Just two months ago, Secretary of State John Kerry approved $1.3 billion in annual U.S. military aid to Egypt—the second largest recipient of such help after Israel.
In the past, American aid to Egypt has included armored personnel carriers, helicopters, anti-aircraft missiles, surveillance systems, fighter jets and tanks, as well as training as the U.S. poured more than $70 billion in military and economic aid into Egypt since 1948.
On Wednesday, the same military ousted Egypt's first democratically elected president, Mohammed Morsi.
The challenge for Washington now will be how to support democracy in Egypt and throughout to the Arab world, and also hold onto its foothold in the strategic region and on the border with close ally Israel.
The biggest immediate hurdle is that American law bans military or financial assistance "to the government of any country whose duly elected head of government is deposed by military coup or decree."
On Wednesday, President Barack Obama said he was "deeply concerned" about the Egyptian military's ouster, but he significantly did not use the word "coup."
However, Turkish Foreign Minister Ahmet Davutoglu told Reuters on Thursday that Morsi's dismissal was a "military coup" and branded it "unacceptable." Morsi's Muslim Brotherhood has also alleged the deposed president was the victim of a coup.
"Coup" comes from the French "coup d'etat," or "stroke of state." Webster's New World College Dictionary defines it as the "sudden, forcible overthrow of a ruler, government, etc., sometimes with violence, by a small group of people already having some political or military authority."
Most likely aware of these concerns, the Egyptian army has said it has no interest in ruling the country.
On Thursday, an Egyptian constitutional court judge appointed by Hosni Mubarak—the strongman leader ousted by the Arab Spring uprising—was sworn in as acting president.
But according to Maha Azzam, Egypt expert and associate fellow at international think tank Chatham House, the United States had not done enough to show it is defending democracy in Egypt and should condemn what she called a military coup.
Otherwise, it "will be understood in the Arab world as an antagonistic move against a Islamist president," she said. Other countries in the region will hear a message that American pro-democracy rhetoric is not matched by its action.
"Despite [the United States'] words for the support for democracy, it is ready to see [Morsi] replaced through unconstitutional means, and that sets a bad precedent for the United States," Azzam said.
Jon Alterman at the Center of Strategic and International Studies disagreed. He said the United States has already warned Egypt's military that it needs to respect the rule of law and civilians' rights.
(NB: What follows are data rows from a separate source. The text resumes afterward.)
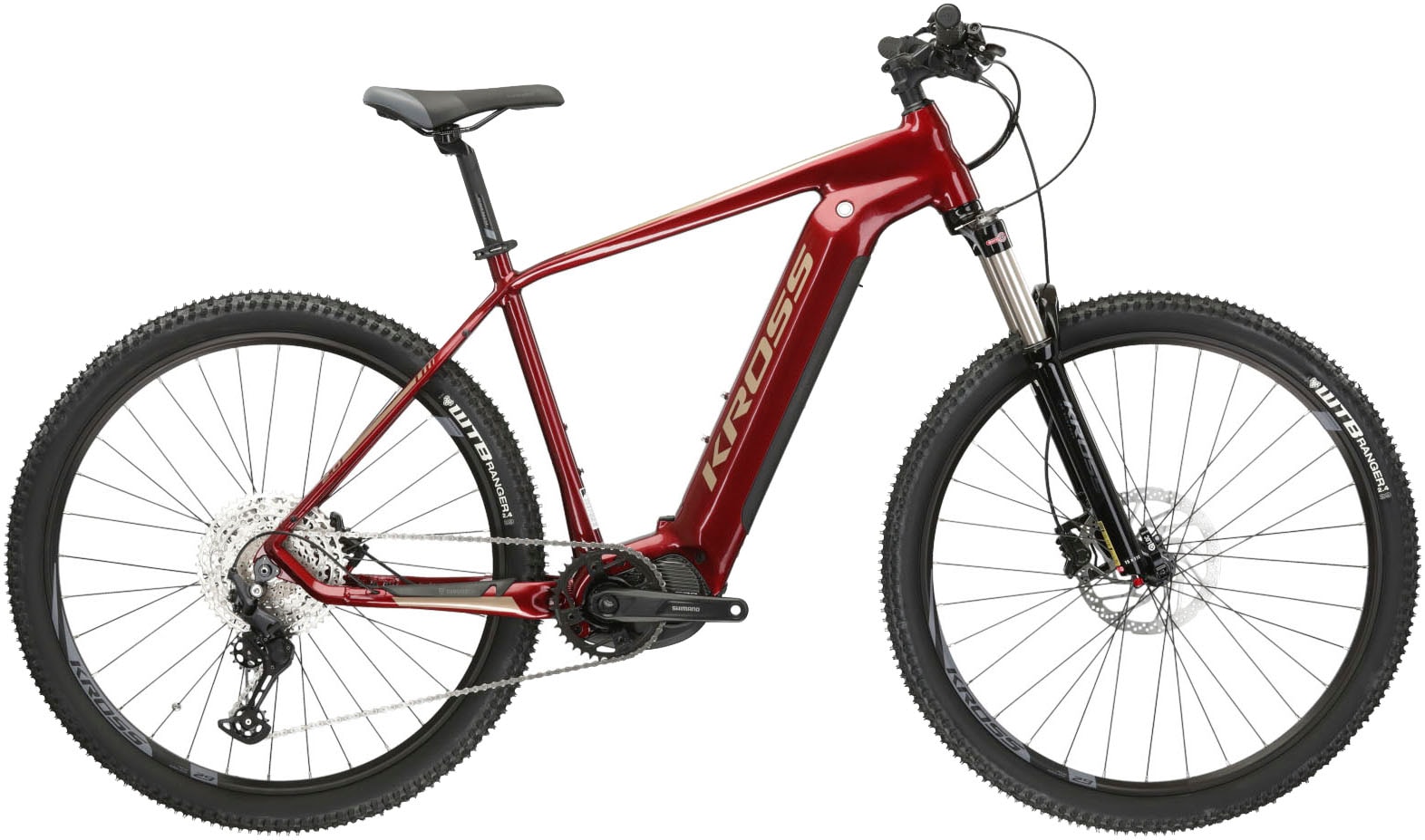 E-Bike KROSS "E-MTB Level Boost 2.0 29 Zoll rot" Gr. 41, rot (rot, schwarz), Elektrofahrräder, 41cm, 29 Zoll (73,66cm), Pedelec, Elektrofahrrad für Damen und Herren Image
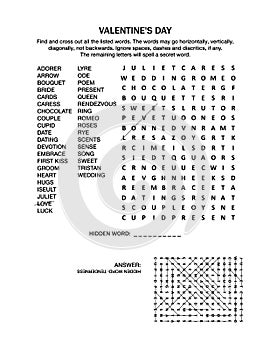 Valentine`s Day word search puzzle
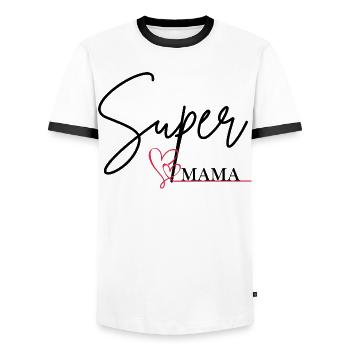 Super-Mama - Männer Kontrast-T-Shirt - Weiß/Schwarz - Vorne - AI Model Female 172 light (172cm) & AI Model Male 178 dark (178cm)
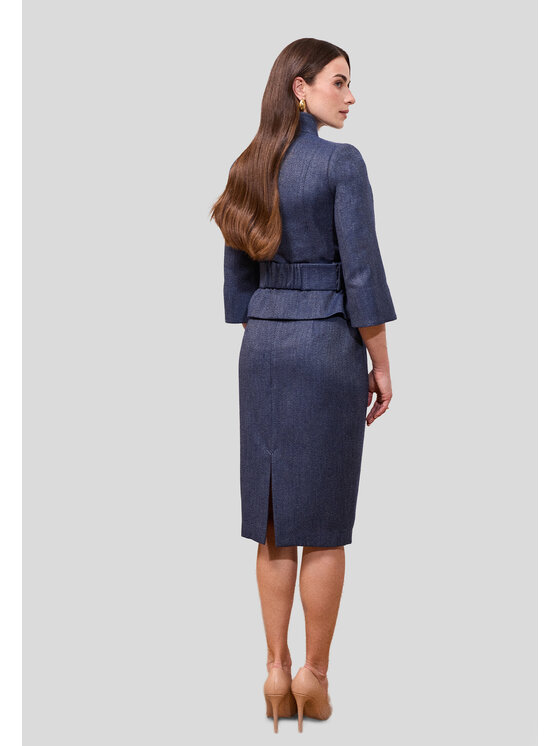 Kasia Zapała Kasia Zapała Spódnica ołówkowa Rosario Niebieski Slim Fit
It has also made clear that it supports a broad-based "consultative" approach that includes Egyptians from across the political spectrum.
"[The United States] has cautioned [the military] about the implications of a removing a democratically elected government," Alterman said. "It seems to me the U.S. statements support broad consultations."
While the Obama administration may say it supports democracy, by backing the military that just overthrew a democratically elected government, the United States is doing the opposite, according to Azzam.
In addition, she said, the stance risks alienating a huge swath of the population: Muslim Brotherhood supporters.
"The Muslim Brotherhood have shown a commitment to the democratic process and non-violence," Azzam said. Morsi's ouster could result in "Islamist activists saying democracy doesn't work and doesn't deliver if you are an Islamist."
Now that they face disillusionment, the worry is that they and other political Muslims will denied a place in politics.
"We can't have an open society that is only open to secularists and leftists. Everyone has a right to engage politically," Azzam said.
Alterman agreed that involving all sectors of society is essential to helping build a healthy democracy.
"The whole purpose of the democratic process is not to make the winners feel good about winning but for those who lost to feel that they can win in the future," he said.
But in the end, the United States will have a limited impact on whether or not democracy takes root in Egypt, Alterman said.
"What the U.S. says and does may move the needle to some degree, but there will be a lot of Egyptians who believe that the U.S. has done the wrong thing no matter what it says or does," he added.